Replication

What it is

Replication copies data from a primary (leader) to replicas (followers) for durability and read scaling. Semantics depend on sync vs async and quorum rules.

Replication lag and failover flow showing writes to the leader, log shipping to replicas, stale follower reads, read-your-write choices, and promotion fencing.

Leader-follower

Single leader: all writes go to leader; replicas apply log or statement/row updates.
Multi-leader: writes on multiple nodes—conflict resolution required (last-write-wins, CRDTs, app merge).

Typical async follower: lower write latency; replication lag means stale reads from replicas.

Loading diagram…

Quorum reads and writes (distributed stores)

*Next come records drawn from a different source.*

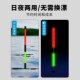 芦苇电子夜光漂60cm流氓黑坑高灵敏F鱼漂硬尾日夜两用咬钩变色浮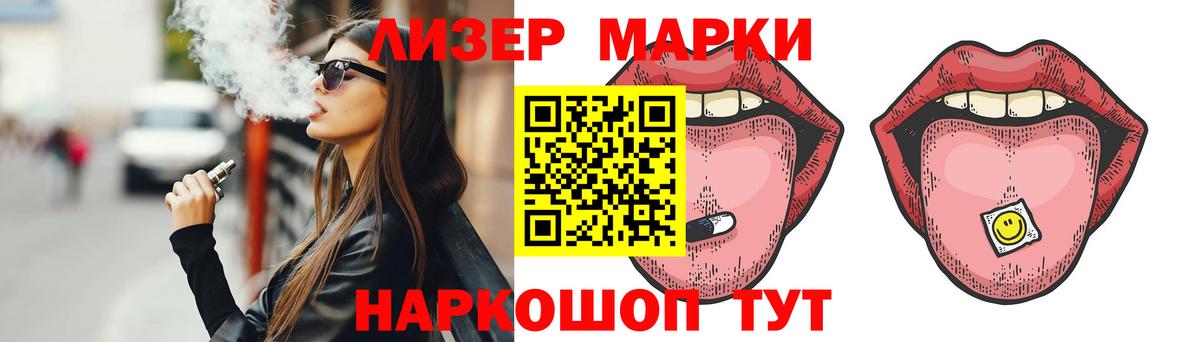 Лсд 25 экстази кислота Куйбышев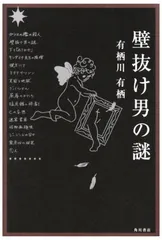 2025年最新】壁抜け男の人気アイテム - メルカリ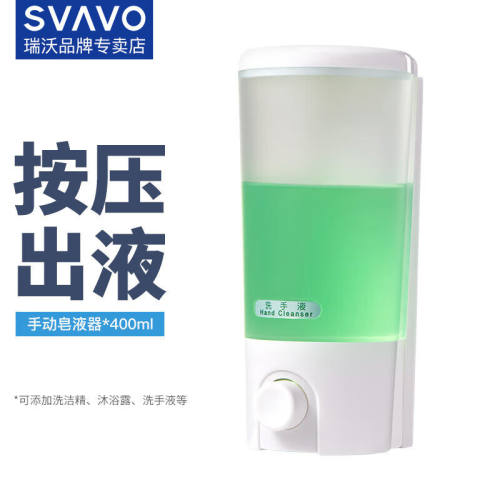 瑞沃（SVAVO）手动皂液器壁挂式免打孔家用洗手液盒酒店卫生间浴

In classical quorum replication (N replicas, write quorum W, read quorum R):

R + W > N can provide stronger read-your-writes style guarantees when coordinated.
W = 1, R = N makes writes fast but reads expensive because every replica may need to be checked.
W = N, R = 1 makes writes slow and durable across all replicas, then reads can be served quickly from one replica.

Concrete systems layer additional protocols (e.g. Paxos/Raft for leader election—see consensus).

Do not mix these models casually in interviews: async primary-replica databases, Dynamo-style quorum stores, and consensus-backed replicated logs expose different guarantees and failure behavior.

Replication lag

Async replication: reads from follower may be seconds behind—broken read-after-write if user expects immediate visibility.
Mitigations: read from leader after write; monotonic reads by sticking to one replica; version checks in app.

After a user changes their email, route that user's next few profile reads to the leader or require a replica version at least as new as the write response. Other users can still read from replicas because a short delay is less harmful. This keeps the UX strong without forcing every read in the system through the leader.

When to use

HA: failover to replica when leader dies.
Read scaling: route read-heavy traffic to replicas (watch lag).
Backups and DR: cross-region replica.

Alternatives

No replication (single node): simplest; single point of failure.
Sharding instead of replicas for write scale (see sharding).

Failure modes

Split-brain if two nodes think they are leader—needs fencing and consensus.
Unbounded lag: replica disk slow; replication slot backlog (Postgres) can fill disk.
Lost writes if leader acknowledges before durable replicate (depends on sync level).

Common mistakes

Sending all reads to replicas without handling read-your-write paths.
Promoting a stale replica during failover and silently losing acknowledged writes.
Confusing backup with HA: a backup can restore data, but it does not serve traffic during a leader failure.
Ignoring write latency from synchronous replication across long network distances.

Interview talking points

State RPO/RTO for failover; sync replication improves RPO, hurts latency—tie to latency-throughput.
Explicitly handle read-your-own-write for UX-sensitive flows.
Connect HA failover to health checks from load-balancer.

Interview answer shape

Start with the goal: read scale, high availability, disaster recovery, or stronger durability.
Choose sync or async replication and state the latency and data-loss tradeoff.
Define read routing: leader reads for fresh paths, follower reads for scalable stale-tolerant paths.
Explain failover: health checks, fencing, promotion order, and how clients discover the new leader.
Name metrics: replica lag, replication backlog, failover time, write latency, and RPO/RTO.

Common follow-ups: leader election, split-brain prevention, quorum reads and writes, cross-region replication, and how to handle stale reads after a write.